Most compiler theory is built atop the context-free
and regular grammars of Chomsky. These grammars are
generative: they describe rules that allow
us to create strings which are part of the language.
Parsing expression grammars describe rules that allow
us to recognize strings which are part of
the language.
This new kind of grammar offers a lot of advantages
for working with programming languages, such as
unifying lexical and syntactic descriptions and
supporting the construction of linear-time parsers.
I remember seeing
Bryan Ford
talk about packrat parsing at ICFP 2002, but
at that point I wasn't thinking as much about
language grammars and so didn't pay close attention
the type of grammar that underlay his parsing ideas.
While generative grammars are a fundamental part of
computing theory, they don't map directly onto the
primary task for which many software people use
them: building scanners and parsers for programming
languages. Our programs recognize strings,
not generate them. So we have developed mechanisms
for building and even generating scanners and parsers,
given grammars that we have written under specific
constraints and then massaged to fit our programming
mechanisms. Sometimes the modified grammars aren't
as straightforward as we might like. This can be
a problem for anyone who comes to the grammar later,
as well as a problem for the creators of the grammar
when they want to change it in response to changes
requested by users.
A recognition-based grammar matches our goals as
compiler writers more closely, which could be a
nice advantage. Parsing expression grammars make
explicit the specification of the code we write
against them.
For those of us who teach compiler courses, something
like a parsing expression grammar raises another
question. Oftentimes, we hope that the compiler
course can do double duty: teach students how to
build a compiler, and help them to understand the
theory, history, and big issues of language
processors. I think of this as a battle between
two forces, "learning to" versus "learning about",
a manifestation of
epistemology's distinction
between "knowing that" and "knowing how".
Using recognition-based grammars as the foundation
for a compiler course introduces a trade-off:
students may be empowered more quickly to create
language grammars and parsers but perhaps not learn
as much about the standard terminology and techniques
of the discipline. These standard ways are, of
course, our historical ways of doing things.
There is much value in learning history, but at what
point do we take the step forward to techniques that
are more practical than reminiscent?
This is a choice that we have to make all the time
in a compiler course: top-down versus bottom-up
parsing, table-driven parsers versus recursive-descent
parsers, writing parsers by hand versus using
parser generators... As I've discussed here before,
I still ask students to write their parser by hand
because I think the experience of writing this code
teaches them more than just about compilers.
Now that I have been re-introduced to this notion
of recognition-based grammars, I'm wondering whether
they might help me to balance some of the forces at
play more satisfactorily.
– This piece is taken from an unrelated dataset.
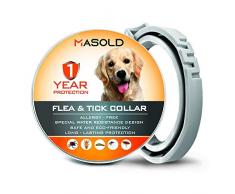 MASOLD Collier Antipuces et Antitiques pour Chiens Collier pour Chiens Offrant Une Prévention dun (1) an Contre Les Puces et Les Tiques — Collier réglable, étanche pour Une Protection Naturelle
Students would have the
experience of writing a non-trivial parser by hand,
but against a grammar that is more transparent and
easier to work with. I will play with parsing
expression grammars a bit in the next year or so
and consider making a change the next time I teach
the course. (If you have taught a compiler course
using this approach, or know someone who has,
please let me know.)
Going this way would not commit me to having students
write their parsers by hand. The link that started
this thread of thought points to a tool for automating
the manipulation of parsing expression grammars.
Whatever I do, I'll add that tool to the list of
tools I share with students.
Oh, and a little Ruby Love to close. Take a look
at TreeTop. Its syntax is beautiful. A Treetop
grammar reads cleanly, crisply -- and is executable
Ruby code. This is the sort of beauty that Ruby allows,
even encourages, and is one of the reasons I remain
enamored of the language.
-----